> **What you will do**
Copy each entry precisely as written, and do not carry over the pictures.

> **Data records**
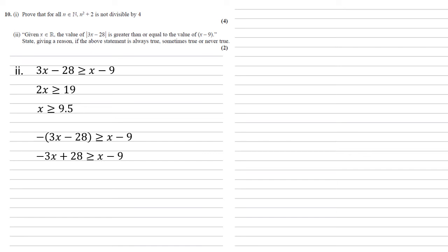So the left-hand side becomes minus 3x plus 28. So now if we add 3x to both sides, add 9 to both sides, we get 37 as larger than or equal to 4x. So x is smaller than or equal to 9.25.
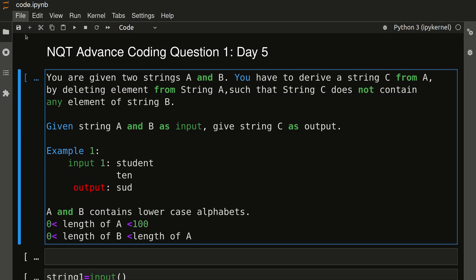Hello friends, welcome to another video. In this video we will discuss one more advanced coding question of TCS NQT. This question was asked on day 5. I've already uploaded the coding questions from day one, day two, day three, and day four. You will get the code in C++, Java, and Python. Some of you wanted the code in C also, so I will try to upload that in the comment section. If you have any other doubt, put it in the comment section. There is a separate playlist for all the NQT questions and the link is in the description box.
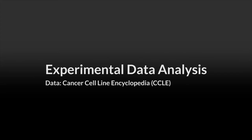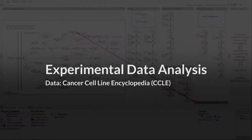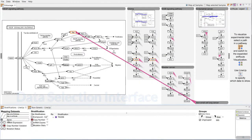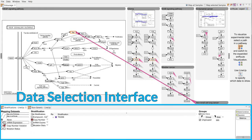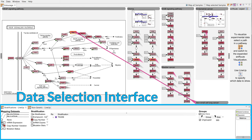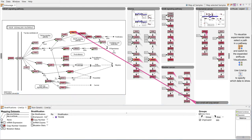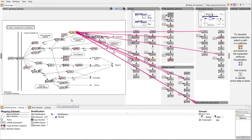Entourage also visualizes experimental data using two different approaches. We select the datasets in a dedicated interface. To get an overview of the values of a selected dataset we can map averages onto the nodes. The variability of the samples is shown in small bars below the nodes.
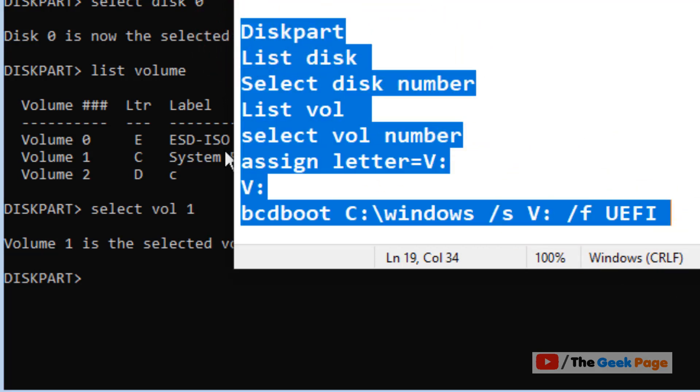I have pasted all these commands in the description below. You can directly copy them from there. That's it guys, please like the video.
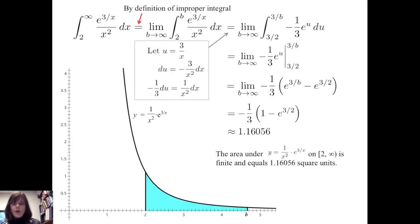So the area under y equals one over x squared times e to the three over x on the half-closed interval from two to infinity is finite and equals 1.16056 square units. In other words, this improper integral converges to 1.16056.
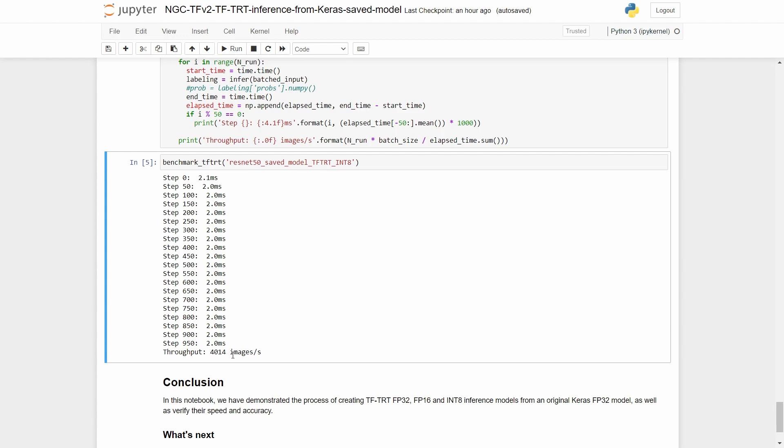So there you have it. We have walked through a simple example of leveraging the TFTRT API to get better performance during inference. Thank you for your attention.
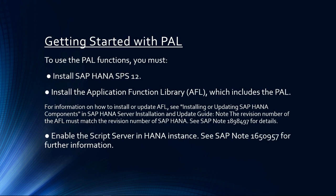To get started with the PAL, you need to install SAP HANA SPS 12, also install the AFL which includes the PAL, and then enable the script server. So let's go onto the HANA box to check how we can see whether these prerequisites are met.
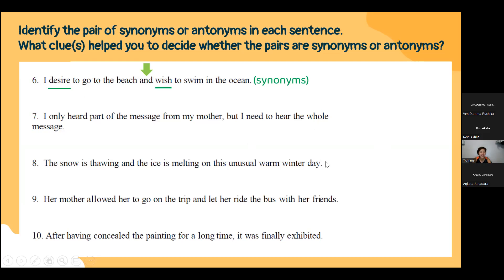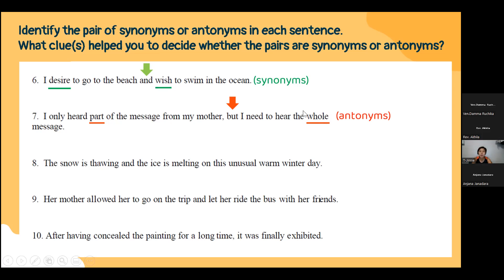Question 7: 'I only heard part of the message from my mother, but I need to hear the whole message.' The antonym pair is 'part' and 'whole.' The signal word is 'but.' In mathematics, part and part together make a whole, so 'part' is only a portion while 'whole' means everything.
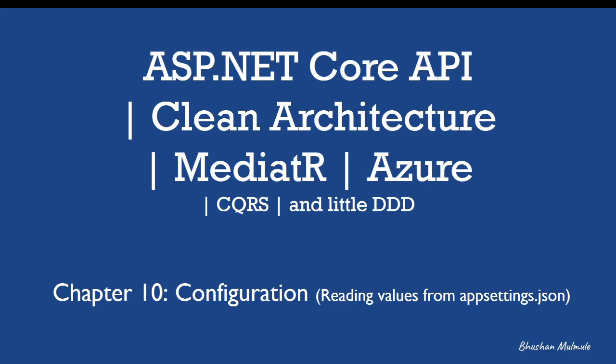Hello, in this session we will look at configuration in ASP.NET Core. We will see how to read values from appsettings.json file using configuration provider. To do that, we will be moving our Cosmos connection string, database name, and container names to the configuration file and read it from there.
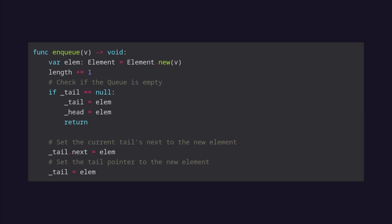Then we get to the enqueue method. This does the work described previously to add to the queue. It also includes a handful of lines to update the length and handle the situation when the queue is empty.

> **Output**
So the left-hand side becomes minus 3x plus 28. So now if we add 3x to both sides, add 9 to both sides, we get 37 as larger than or equal to 4x. So x is smaller than or equal to 9.25.
Hello friends, welcome to another video. In this video we will discuss one more advanced coding question of TCS NQT. This question was asked on day 5. I've already uploaded the coding questions from day one, day two, day three, and day four. You will get the code in C++, Java, and Python. Some of you wanted the code in C also, so I will try to upload that in the comment section. If you have any other doubt, put it in the comment section. There is a separate playlist for all the NQT questions and the link is in the description box.
Entourage also visualizes experimental data using two different approaches. We select the datasets in a dedicated interface. To get an overview of the values of a selected dataset we can map averages onto the nodes. The variability of the samples is shown in small bars below the nodes.
I have pasted all these commands in the description below. You can directly copy them from there. That's it guys, please like the video.
So the area under y equals one over x squared times e to the three over x on the half-closed interval from two to infinity is finite and equals 1.16056 square units. In other words, this improper integral converges to 1.16056.
So there you have it. We have walked through a simple example of leveraging the TFTRT API to get better performance during inference. Thank you for your attention.
To get started with the PAL, you need to install SAP HANA SPS 12, also install the AFL which includes the PAL, and then enable the script server. So let's go onto the HANA box to check how we can see whether these prerequisites are met.
Question 7: 'I only heard part of the message from my mother, but I need to hear the whole message.' The antonym pair is 'part' and 'whole.' The signal word is 'but.' In mathematics, part and part together make a whole, so 'part' is only a portion while 'whole' means everything.
Hello, in this session we will look at configuration in ASP.NET Core. We will see how to read values from appsettings.json file using configuration provider. To do that, we will be moving our Cosmos connection string, database name, and container names to the configuration file and read it from there.
Then we get to the enqueue method. This does the work described previously to add to the queue. It also includes a handful of lines to update the length and handle the situation when the queue is empty.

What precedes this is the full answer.